# Provided material
· · · ·
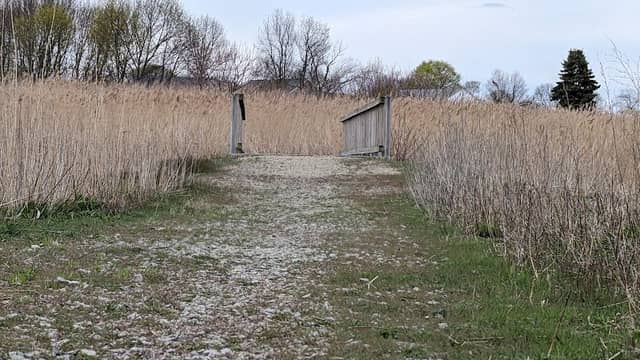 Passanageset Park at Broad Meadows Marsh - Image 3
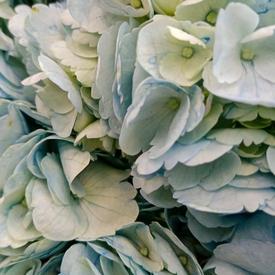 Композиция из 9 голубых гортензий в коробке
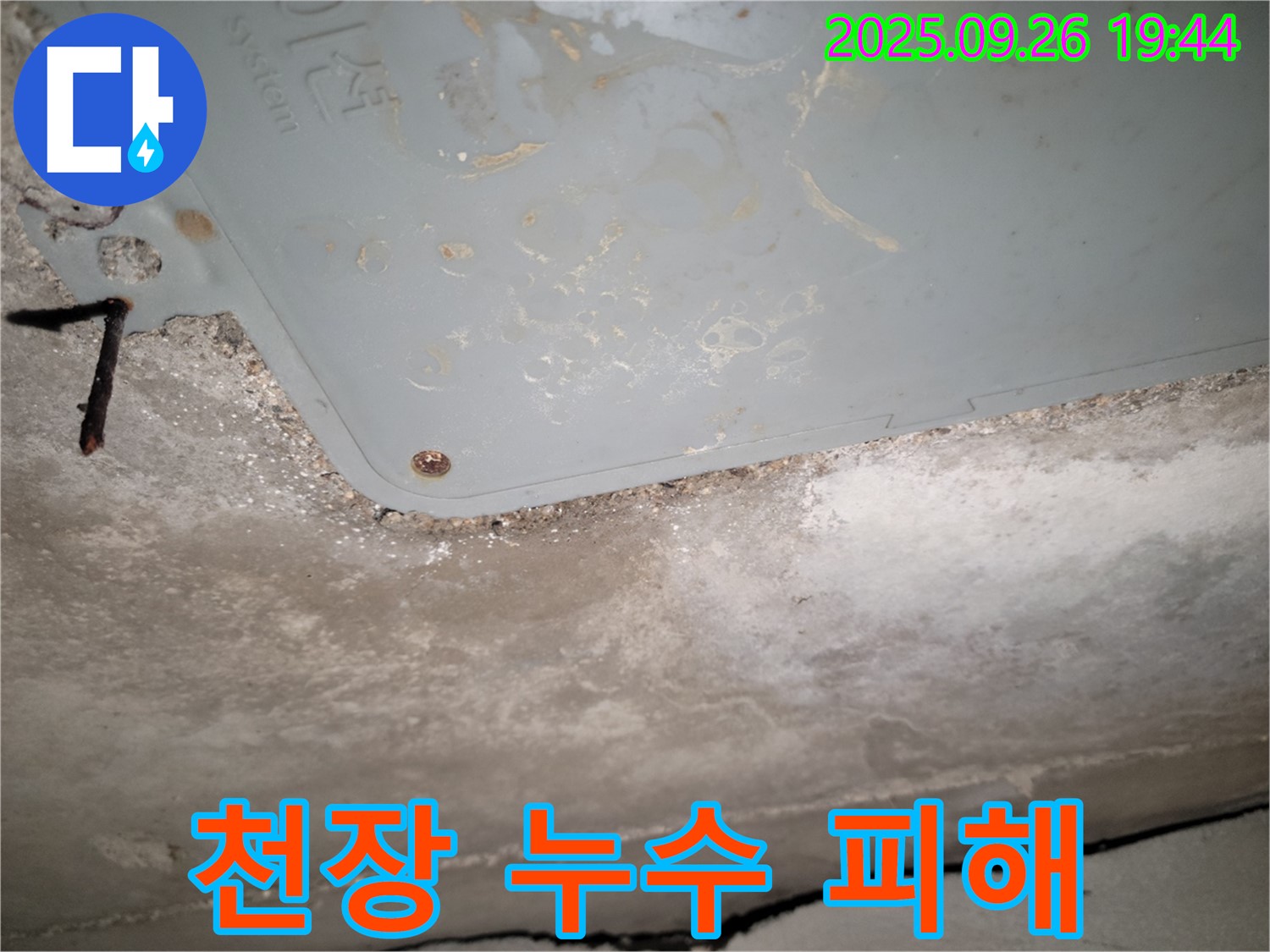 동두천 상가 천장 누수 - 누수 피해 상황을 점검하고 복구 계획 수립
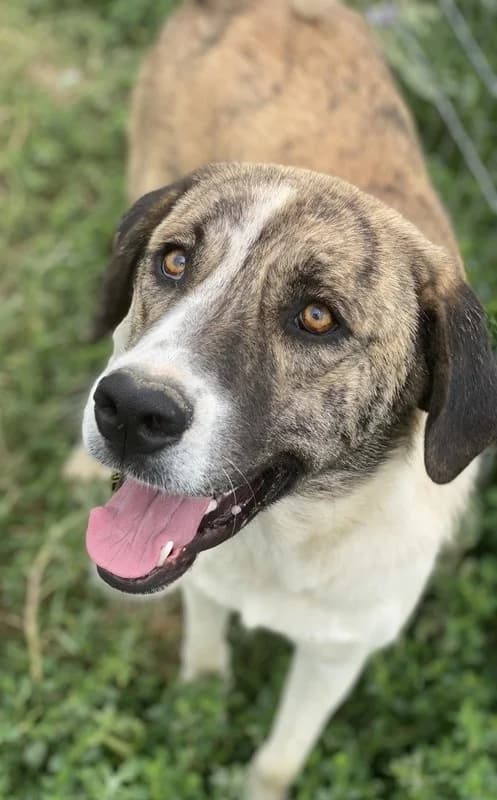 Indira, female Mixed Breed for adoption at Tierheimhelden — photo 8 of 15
· · · ·
Print out the whole of the material word for word, without pictures.

# Finished task
 Passanageset Park at Broad Meadows Marsh - Image 3
 Композиция из 9 голубых гортензий в коробке
 동두천 상가 천장 누수 - 누수 피해 상황을 점검하고 복구 계획 수립
 Indira, female Mixed Breed for adoption at Tierheimhelden — photo 8 of 15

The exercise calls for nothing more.